▸ PROBLEM DETAILS:
Restate the whole listing below word for word and keep the images out.

▸ INPUT DATA:
----

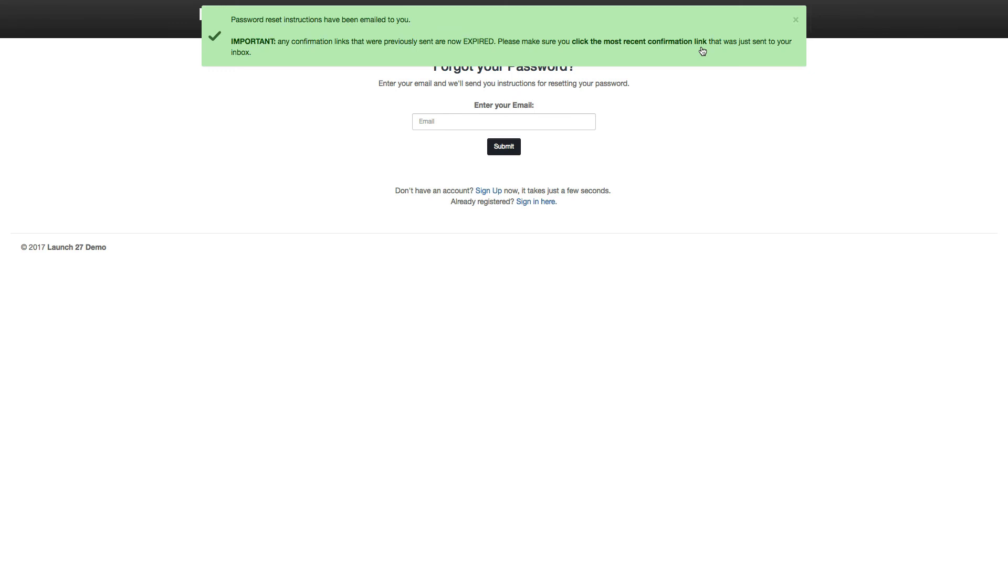So that's pretty much it for logging in as a team. If you have any questions, please let us know at support@launch27.com. Thanks.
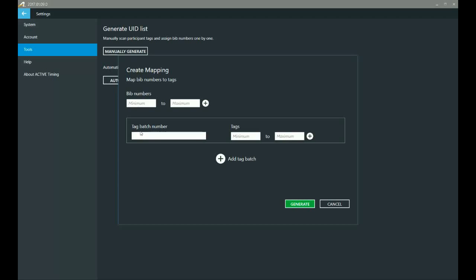So my tag batch number is 490104. And then to start off, I have 21 tags, so I'm just going to start off at number one and go to 21. So that gives me a total number of 21 tags, and then I need to start entering the tag IDs.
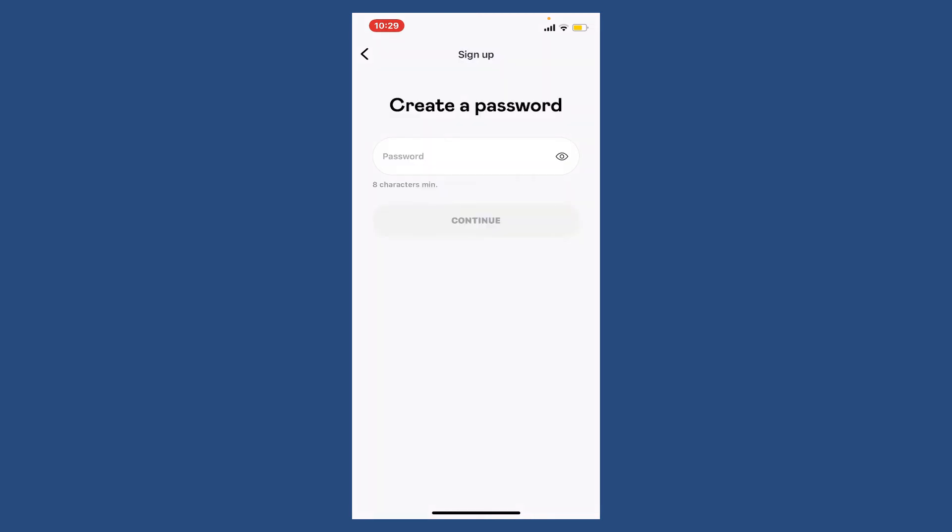On the next page, you'll need to create a password for yourself. Type in a password which is at least eight characters long and tap the continue button after you are done.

----

▸ SOLUTION FOR THIS EXERCISE:
So that's pretty much it for logging in as a team. If you have any questions, please let us know at support@launch27.com. Thanks.
So my tag batch number is 490104. And then to start off, I have 21 tags, so I'm just going to start off at number one and go to 21. So that gives me a total number of 21 tags, and then I need to start entering the tag IDs.
On the next page, you'll need to create a password for yourself. Type in a password which is at least eight characters long and tap the continue button after you are done.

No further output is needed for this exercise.